In the years since, we have grown steadily rather than dramatically — a pace that suits us. We have always prioritised quality over numbers: trained leaders over a large but under-supported volunteer pool, meaningful skill transfer over pleasant days out, and long-term participant progression over headline participation figures. Many of the people who came on their first walk with us anxious about whether they were fit enough or properly equipped now lead walks of their own. That is, quietly, what we are most proud of.
Cairnvost Howe – Meridian exists to remove the barriers — practical, cultural, and logistical — that prevent Glaswegians from accessing the hills on their own doorstep. We do this through a programme of free, qualified-led group walks on the Campsie Fells, the Kilpatrick Hills, and the Milngavie corridor, combined with rigorous, approachable navigation coaching that gives participants the skills to venture out confidently without a guide. We are committed to serving people who are typically under-represented in the outdoors — first-timers, people on low incomes, and those working shift patterns that exclude them from conventional outdoor education — and to building a culture of accessible, independent hillwalking in the communities closest to Scotland's most underused open spaces.
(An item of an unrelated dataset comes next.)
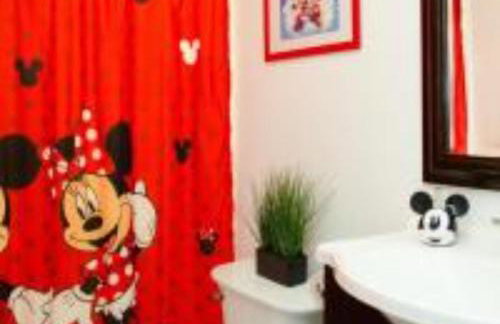 MagicwayVillas Micky's Fireworks Pool & Spa - Across Disneyland - Foto 10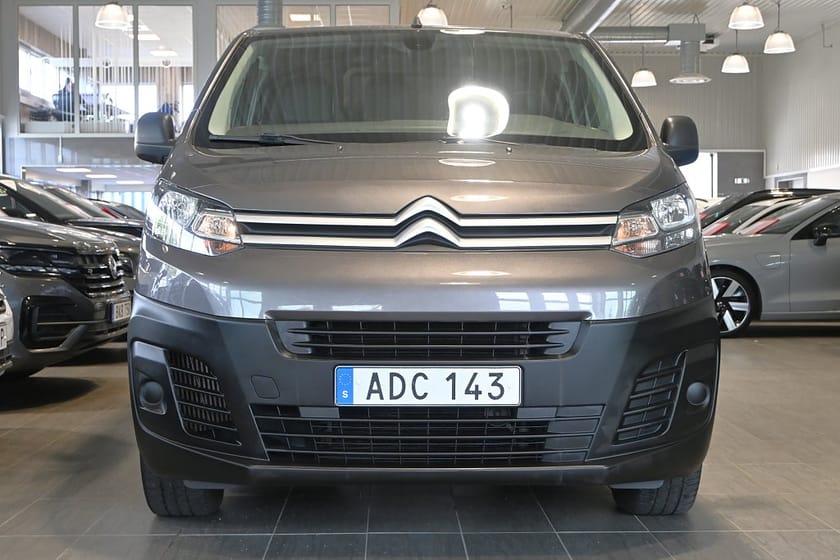 Bild 5 av Citroën Jumpy Van 2.0 BlueHDi 120hk 3-sits Värmare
Cairnvost Howe – Meridian is governed by a board of trustees who bring together experience in outdoor education, community development, and financial governance. All of our trustees are active participants in the hills and several have come up through our own walks programme — which means the board understands firsthand what it feels like to turn up at Milngavie car park for the first time not entirely sure you're wearing the right boots. Day-to-day coordination is carried out by our small staff team and a dedicated network of qualified volunteer walk leaders and navigation coaches.